The Fairness Doctrine: A threat to free speech?
President Reagan killed the Fairness Doctrine in 1987, but House Speaker Nancy Pelosi, Senate Majority Whip Dick Durbin, and Sen. Chuck Schumer have all publicly called for bringing it back.
Save Rush Limbaugh! said Paul Weyrich in The Washington Times. Still flushed with their election night victory, the Democrats are salivating at the prospect of resurrecting the so-called Fairness Doctrine, the old rule requiring media to give equal time to opposing political views. President Reagan killed that rule in 1987, but now House Speaker Nancy Pelosi, Senate Majority Whip Dick Durbin, and Sen. Chuck Schumer have all publicly called for bringing it back. “When Americans hear both sides of the story,” Durbin says, “they’re in a better position to make a decision.” That may sound reasonable, said A.W.R. Hawkins in Human Events Online, but the immediate effect—and the intention—of a new Fairness Doctrine would be to silence conservative talk-radio hosts. Most stations would give up political broadcasting entirely rather than try to find hours of liberal programming to balance the hugely popular Limbaugh or Sean Hannity. Killing off the one medium that favors conservative thought is the opposite of fairness, but Democrats aren’t about to pass up a chance to neutralize the Right’s most “potent political weapon.”
Talk radio is potent all right, said Joel McNally in the Madison, Wis., Capital Times.
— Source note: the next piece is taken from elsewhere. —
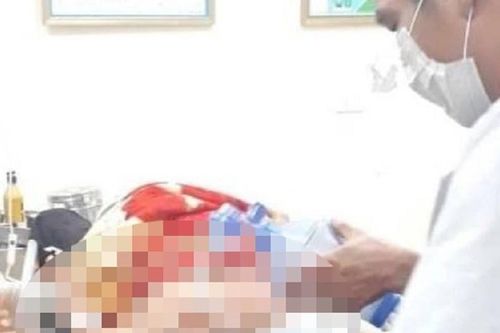 Mâu thuẫn tại đám cưới, nam thanh niên bị đâm tử vong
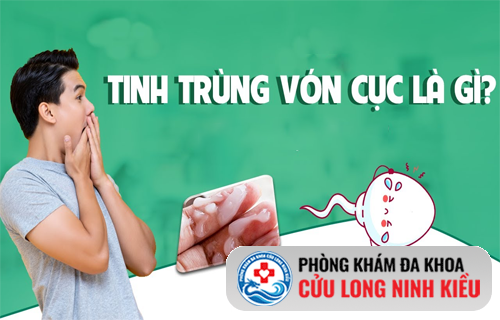 Tinh trùng vón cục là gì? Giải mã dấu hiệu sức khỏe nam giới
But that’s because it’s so one-sided that “it most resembles a government-run media in some totalitarian country.” A study by the Center for American Progress found that no less than 91 percent of weekday talk radio is taken up by conservatives, including far-right wingnuts like Michael Savage who routinely slur blacks and gays and advocate bombing foreign nations. The radio dial can only accommodate a finite number of channels. So in what “bizarre version of democracy” is providing a wide variety of political viewpoints an attempt to “deny free speech”?
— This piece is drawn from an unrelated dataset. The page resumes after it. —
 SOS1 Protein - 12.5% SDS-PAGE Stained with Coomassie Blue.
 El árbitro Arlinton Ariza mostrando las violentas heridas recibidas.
Sorry to disappoint both liberals and conservatives, said James Rainey in the Los Angeles Times, but the imminent return of the Fairness Doctrine is a “false alarm.” President-elect Obama has explicitly said he’s against reinstating the doctrine, and despite the occasional wistful remark by Democratic leaders, they know they don’t have the votes to bring it back. “There’s no clamor about reining in talk radio anywhere but on talk radio,” said Brian O’Neill in the Pittsburgh Post-Gazette. And I’ve a feeling Rush, Sean, and company will drop the subject once Obama takes office. After eight awkward years in power, the high priests of resentment and outrage are returning to their natural habitat: the opposition. They “must be drooling at the possibilities.”